Addressing the collapse of Wall Street giants A.I.G. and Lehman Brothers in a press conference today, Michael Bloomberg said that the city is prepared to deal with lost revenue and repeatedly emphasized that the city will take steps to preserve its quality of life, which he said has buoyed New York in other times of financial hardship.
“New York continues to be a place where people want to live and that makes it a city where companies need to be. If we allow our quality of life to slip, we will do nothing but hurt our competitive advantage, and we’re not going to let that happen,” Bloomberg said. At City Hall, he was making his first public comments since he canceled a planned trip to California and stayed in New York over the weekend to deal with the financial crisis.
Bloomberg made references to policing the streets, investing in cultural institutions and maintaining parks, but did not specify what it would take to maintain those services at adequate levels, or what other areas of the city’s budget may need to be trimmed to adjust for lost tax revenue.
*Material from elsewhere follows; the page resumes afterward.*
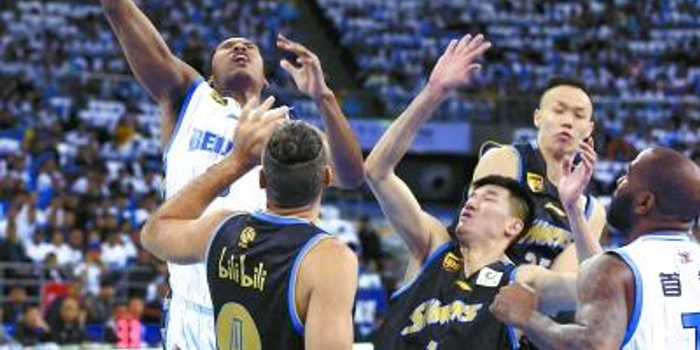 首钢男篮110比97击败上海队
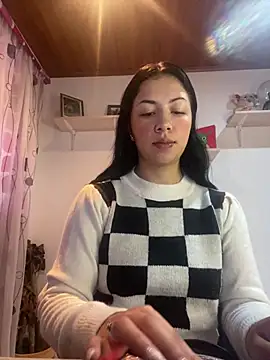 Snapshot of MadisonCambel chatting on 01/15/25, 01:09 MadisonCambel online show from 01/15/25, 01:09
With City Council Speaker Christine Quinn and City Comptroller Bill Thompson behind him, Bloomberg said the city’s current budget will remain intact, because it was crafted with the anticipation of major losses from Wall Street firms this year.
“As of August, you should know city tax revenues are coming in at more or less the levels we projected, meaning the budget remains in balance for fiscal year ‘09, and that our deficit projected for fiscal 2010 is the same, roughly $2.3 billion,” Bloomberg said.
When asked about possibly raising taxes in the future, the mayor said it was too early to discuss it, but added, "We cannot balance the budget just by cutting more. We can do more than we have and we will."